Carbon dioxide

It has been known for a long time that the photosynthesis of single leaves of C3 species generally increases under elevated [CO2]. This increase depends not only on [CO2], but also on light, temperature, nutrients, water, leaf age, etc. The daily average photosynthesis of young leaves increased by 30-80% at 60 Pa (600 ppm) compared with ambient (35 Pa) CO2 partial pressure in perennial ryegrass swards (Rogers et al., 1998). Drake et al. (1997) determined an average increase of 58% in photosynthesis from 60 experiments with elevated [CO2].

Acclimation of photosynthesis occurs during the long-term exposure of plants to elevated [CO2], when the initial strong increase of photosynthesis declines. Leaves grown under elevated [CO2] show reduced photosynthesis compared with leaves grown at ambient [CO2], when both are measured at ambient [CO2]. Processes that affect the acclimation of photosynthesis have been related to situations in which the sink limits growth under elevated [CO2] (Drake et al., 1997). During acclimation, concentrations of carbohydrates are increased and concentrations of soluble proteins and Rubisco are decreased. The lower concentrations of protein, and especially of Rubisco, are due to reduced gene expression mediated by the increase in carbohydrate concentrations. Thus, acclimation has been interpreted as a mechanism by which plants reduce leaf N content in order to increase sink growth. Rogers et al. (1998) studied acclimation of leaf photosynthesis before and after a cut in perennial ryegrass swards fertilized with low or high amounts of N. Before the cut, acclimation of photosynthesis occurred at elevated [CO2] and low N supply. After the cut, when the small leaf area and the high demand of growing leaves for carbohydrates drastically reduced the source/sink ratio, acclimation disappeared. No significant acclimation was found in ryegrass plants fertilized with high amounts of N. Acclimation of photosynthesis was also found for the canopy (Casella and Soussana, 1997) but it was relatively small (-8 to -13%) and independent of N.

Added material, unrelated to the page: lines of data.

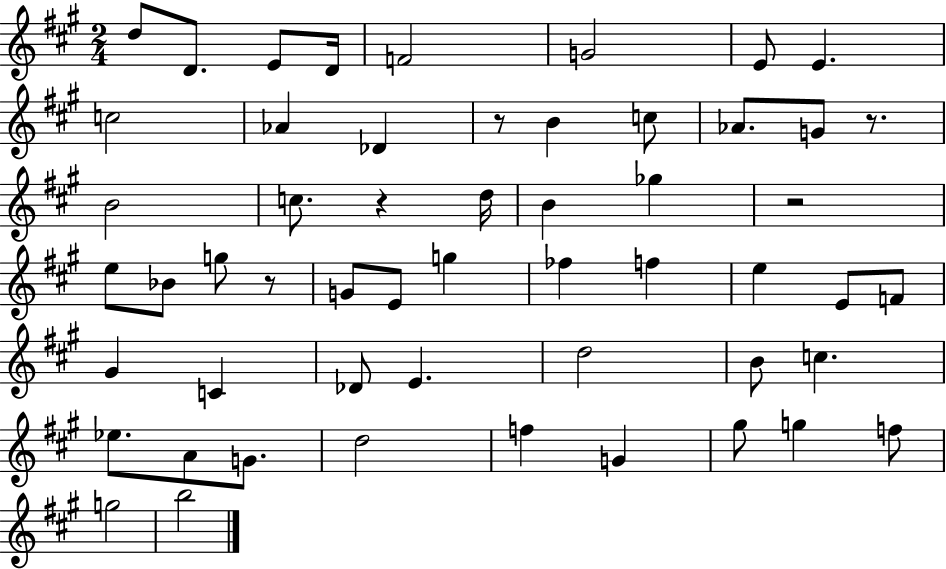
{
  \clef treble
  \numericTimeSignature
  \time 2/4
  \key a \major
  d''8 d'8. e'8 d'16 | f'2 | g'2 | e'8 e'4. | \break c''2 | aes'4 des'4 | r8 b'4 c''8 | aes'8. g'8 r8. | \break b'2 | c''8. r4 d''16 | b'4 ges''4 | r2 | \break e''8 bes'8 g''8 r8 | g'8 e'8 g''4 | fes''4 f''4 | e''4 e'8 f'8 | \break gis'4 c'4 | des'8 e'4. | d''2 | b'8 c''4. | \break ees''8. a'8 g'8. | d''2 | f''4 g'4 | gis''8 g''4 f''8 | \break g''2 | b''2 | \bar "|."
}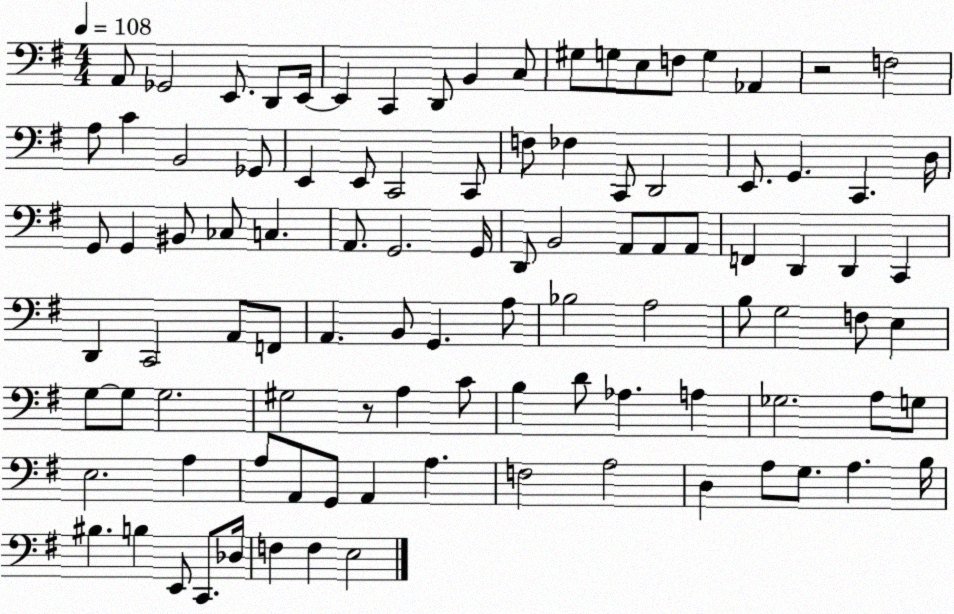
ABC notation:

X:1
T:Untitled
M:4/4
L:1/4
K:G
A,,/2 _G,,2 E,,/2 D,,/2 E,,/4 E,, C,, D,,/2 B,, C,/2 ^G,/2 G,/2 E,/2 F,/2 G, _A,, z2 F,2 A,/2 C B,,2 _G,,/2 E,, E,,/2 C,,2 C,,/2 F,/2 _F, C,,/2 D,,2 E,,/2 G,, C,, D,/4 G,,/2 G,, ^B,,/2 _C,/2 C, A,,/2 G,,2 G,,/4 D,,/2 B,,2 A,,/2 A,,/2 A,,/2 F,, D,, D,, C,, D,, C,,2 A,,/2 F,,/2 A,, B,,/2 G,, A,/2 _B,2 A,2 B,/2 G,2 F,/2 E, G,/2 G,/2 G,2 ^G,2 z/2 A, C/2 B, D/2 _A, A, _G,2 A,/2 G,/2 E,2 A, A,/2 A,,/2 G,,/2 A,, A, F,2 A,2 D, A,/2 G,/2 A, B,/4 ^B, B, E,,/2 C,,/2 _D,/4 F, F, E,2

Enhanced leaf photosynthesis under elevated [CO2] should be reflected by an increase in canopy photosynthesis, provided that neither the CO2 assimilation of the leaves in the lower canopy (where photosynthesis is not saturated) nor the leaf area index (LAI) are reduced, and they can compensate for the increased CO2 uptake of the upper canopy. In perennial ryegrass swards grown in large containers in highly ventilated tunnels with low or high N supply, there was an average increase of 29% and 36%, respectively, in net canopy photosynthesis at double ambient [CO2] (Casella and Sousanna, 1997). Schapendonk et al. (1997) reported an annual increase in net canopy assimilation of 29 and 43% in 2 subsequent years in perennial ryegrass swards grown at 70 Pa CO2 and with ample supplies of water and nutrients. The annual harvested biomass increased by 20 and 25%. Thus, canopy photosynthesis increased much more than biomass in the second year compared with the first year. This indicates that canopy C assimilation and harvestable biomass are not closely correlated and that partitioning of carbohydrates to shoots and roots changed.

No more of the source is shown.